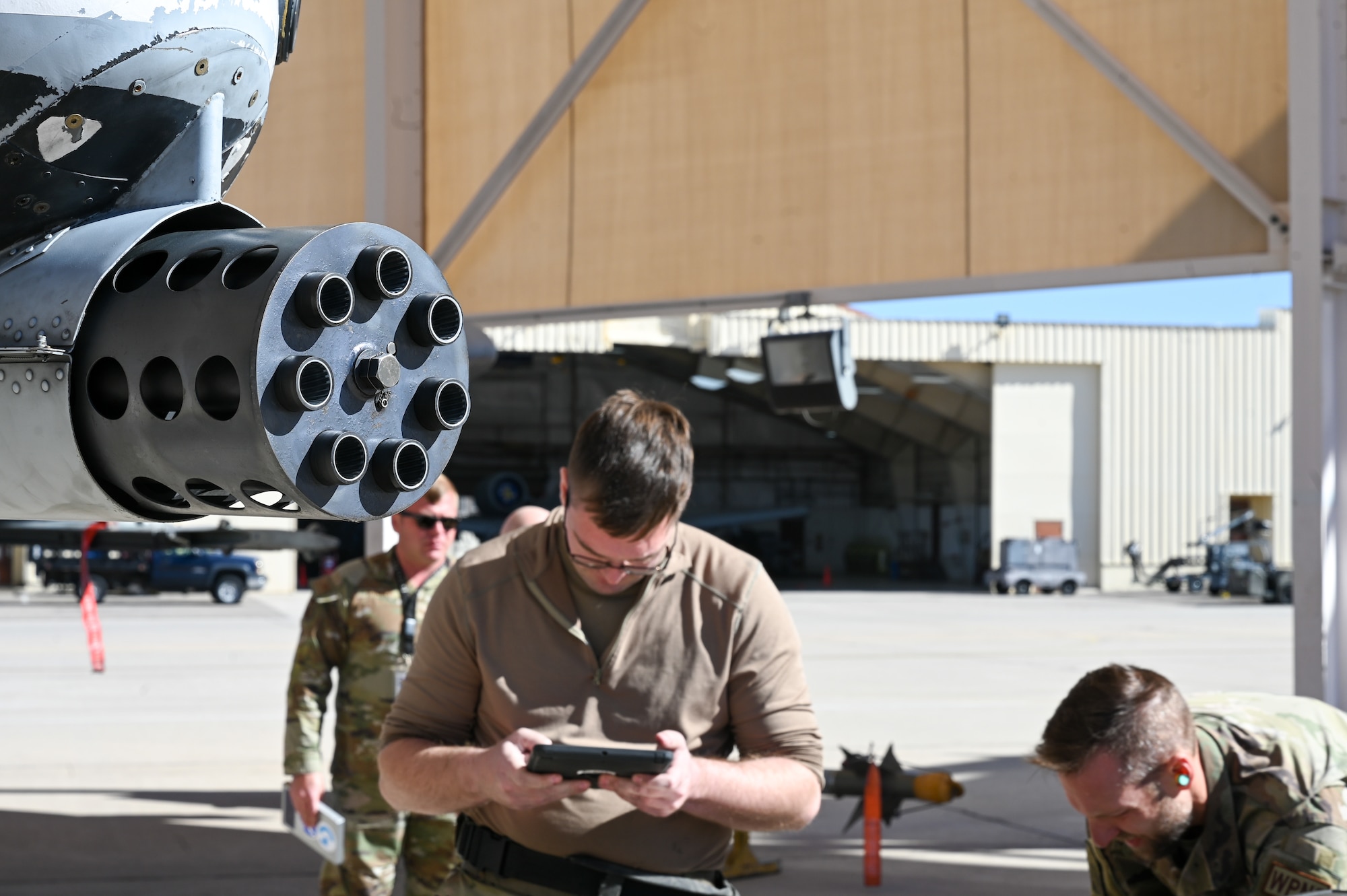 A photo of Airmen performing a simulated weapons load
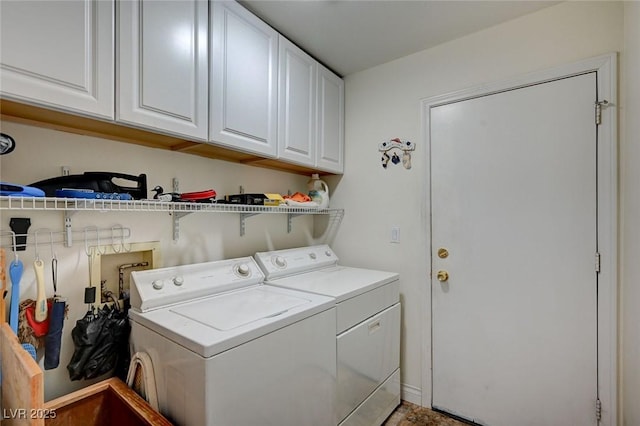 laundry area featuring cabinet space and washer and dryer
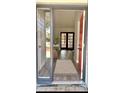 Bright and inviting entryway with a red door, wood floors, and view of the living space with french doors at 5830 Beechmont Blvd, Orlando, FL 32808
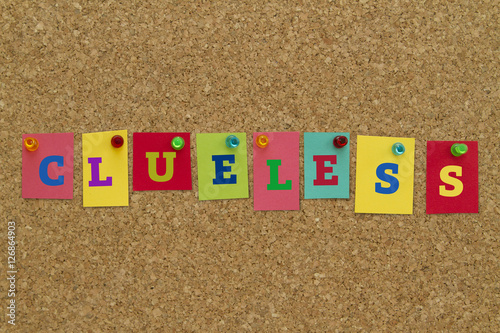 Clueless word written on colorful sticky notes pinned on cork board.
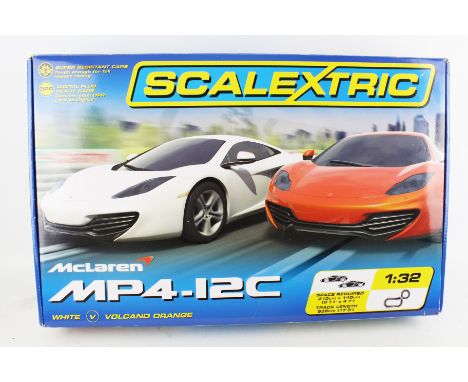A Scalextric McLaren MP4-12C set. Containing cars, track, controllers, etc. in the original box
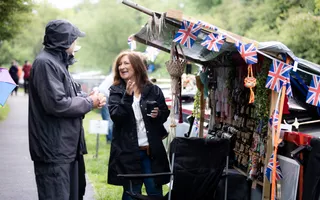 Two people outside a stall on a canal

==========

**Description of the task**
Starting at the line that contains "Bright and inviting", write out every line through the final line of the entries, word for word; skip any pictures.

**Written answer**
 Bright and inviting entryway with a red door, wood floors, and view of the living space with french doors at 5830 Beechmont Blvd, Orlando, FL 32808
 Clueless word written on colorful sticky notes pinned on cork board.
A Scalextric McLaren MP4-12C set. Containing cars, track, controllers, etc. in the original box
 Two people outside a stall on a canal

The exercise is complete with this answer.